Money Laundry

Jade Leung’s appearances on the big screen are such a rarity these days that I tend to approach each with a sense of excitement . . . and dread. In the past five years her films have rarely been very good – but every now and then you will be surprised with something odd and interesting like Phantom of Snake. This one though needs to be opened with a handkerchief over ones' nose – the odor emitting from this one has a bad smell to it. It’s hard to imagine that this actually played in the theaters – it has that straight to video look and it is hard to imagine who the audience could possibly be for this type of low budget bore except for those die hard Jade Leung fans like myself. The question is – are there any others out there?

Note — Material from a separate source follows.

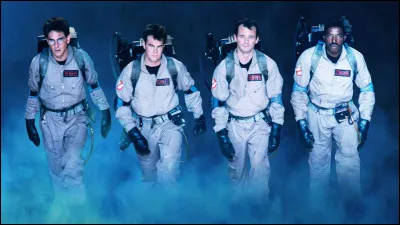 Dans quelle ville les chasseurs de phénomènes paranormaux opèrent-ils dans le film "SOS Fantômes", sorti en 1984 ?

In her film career Jade has played ruthless assassins, suicidal cops, revenge seeking females – but perhaps none of them were more frightening than her role in this one . . . a finance loan officer! I get chills just thinking about it – Jade behind a big desk lending out money and setting interest rates. It’s almost more than a poor boy can take.

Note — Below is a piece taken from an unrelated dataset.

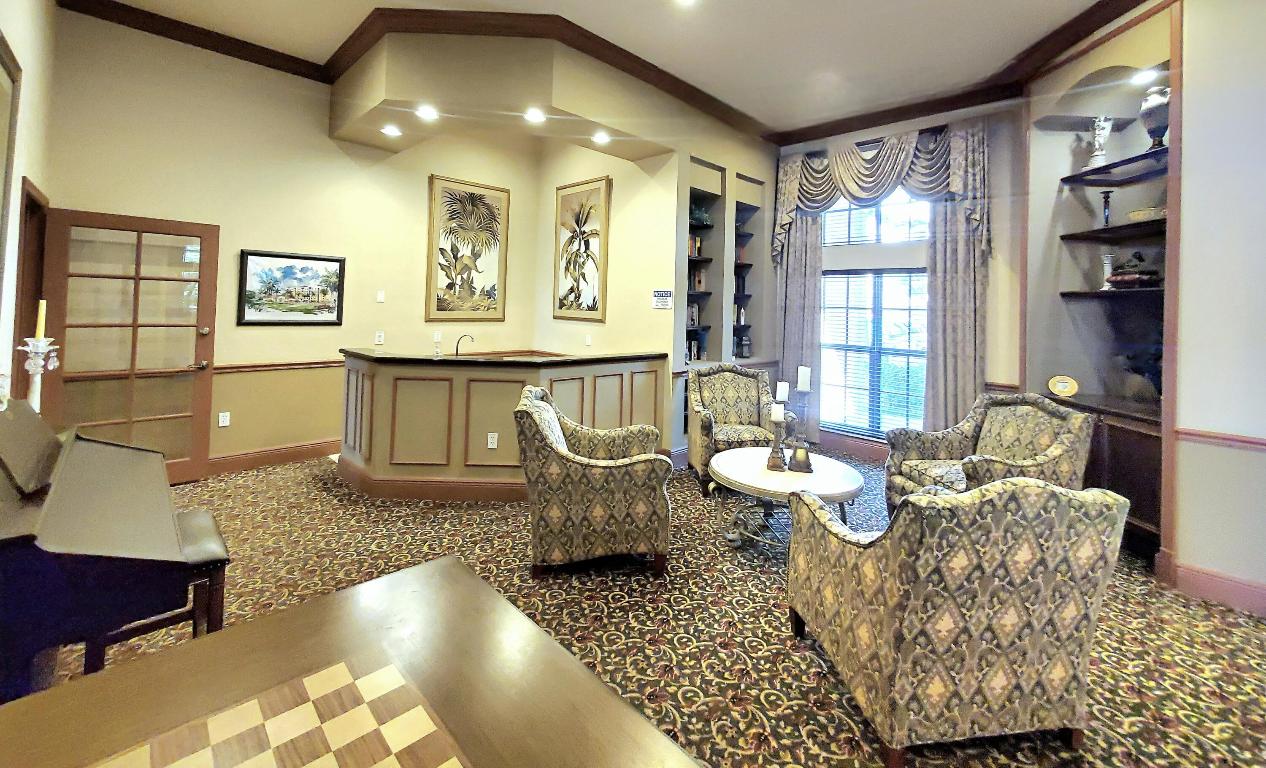 1000 Scotia Drive 106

She has come up with the brilliant financial plan of lending money to college students who have no assets and no credit history. One group headed by John Tang immediately takes the money and opens a store that sells pirated VCDs! One customer comes in and asks for the film “To Where He Belongs” – I wanted to warn him to avoid it like the plague – it is almost as bad as this one!
It turns out that her firm actually launders money for the triads and a cop (Ken Wong) asks her to help them out. Of course she does – and this leads to  . . . not very much. Jade does have two fights – but they are really poorly done and it is all too evident that she is being doubled consistently. Ah, Black Cat where are you. Oh that’s right – in jail.
It was at least interesting to see John Tang. He was in all those UFO films about the same character growing up and going to university -Yesterday This, Yesterday That, Over the Rainbow – but it’s a bit sad to see him still in college after all these years!

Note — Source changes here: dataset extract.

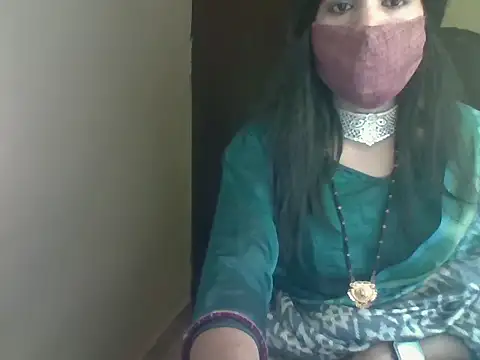 Lovely Ladyboy star online show from February 28, 10:20 pm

My rating for this film: 2.0 (only for many close ups of Jade and watching her run like hell at one point).



DVD Information:

Distributed by WideSight

The transfer  is decent - clean and sharp.

Letterboxed

Cantonese and Mandarin language tracks 

Subtitles:  Burnt on Chinese and English

6 Chapters

There are no previews for any film.

The subs are easy to read - as a note the voices are synchronized terribly to the moving lips.